In the light of the coloured sky, the coloured windows, its face is phantasmagorical. “If you don’t want to be here,” it continues – still so skin-pricklingly gentle – “then your hand will not be forced. I’ll speed your way home if you wish.”
They can’t help but twitch at that. It’s setting their teeth on edge. (It’s lying – has to be. After its ages of coaxing them in, meting out information, not telling them where they were until they were on its doorstep, it would not give them the chance to leave.) Rough, still covered in road-grime, Pax asks, “Why should I believe you?”
(None of them have ever given them the chance to leave.)
Sheogorath, a figure of hollow skin and bone, inclines its head. “I wouldn’t lie to you, Pax,” it says.
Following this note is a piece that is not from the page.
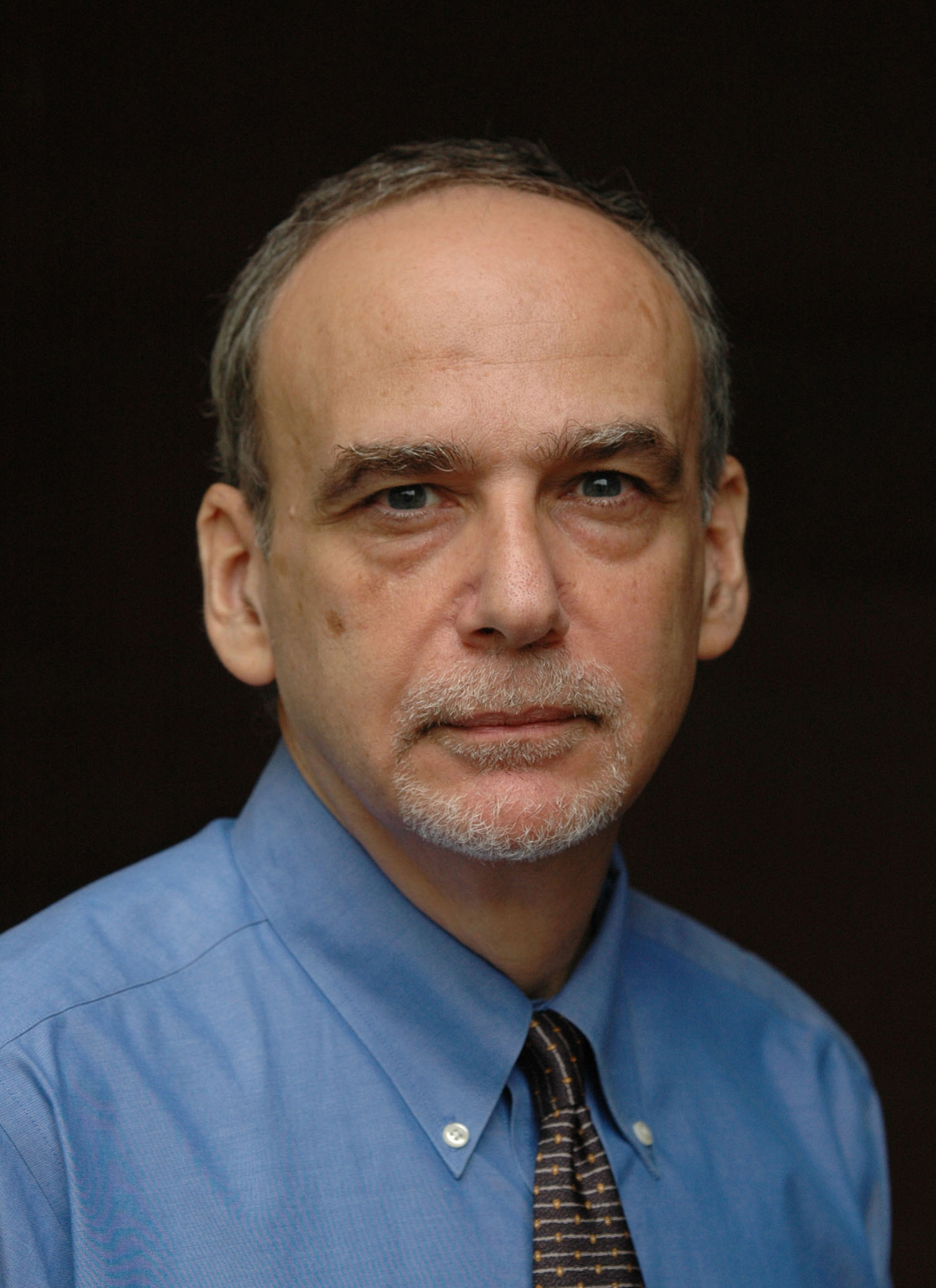 A man wearing a blue shirt and tie looks directly at the camera; behind him there is a black background.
Its eyes are wide and bulging, whites on full display like a frightened horse; it grins again. “Others might. But we’re not a monolith. We’re not even especially similar.”
Pax bites down on the flat edge of their tongue. “That doesn’t mean anything to me.”
The light coming in through the windows flickers. The Mad God turns to meet it.
“I’m the youngest,” it says, its voice glittering like mist on the air. “Did you know that? I don’t remember the world without you in it.” Its form spasms, volatile, wings and limbs and eyes like a snail’s on stalks sprouting and choking and subsiding back into its mass. “I’m closer to you than any. I understand, almost.”
“That doesn’t mean anything,” Pax repeats. She’s gritting her teeth, tonguing at her gums where two are missing. Are two devil-gods not enough to deal with for a lifetime? Is there really going to be more of this now, too?
Rolling through the air like smoke, the voice says, “It will.”
Pax presses purple-green knuckles to her mouth. Her teeth dig into the soft meat of her lip.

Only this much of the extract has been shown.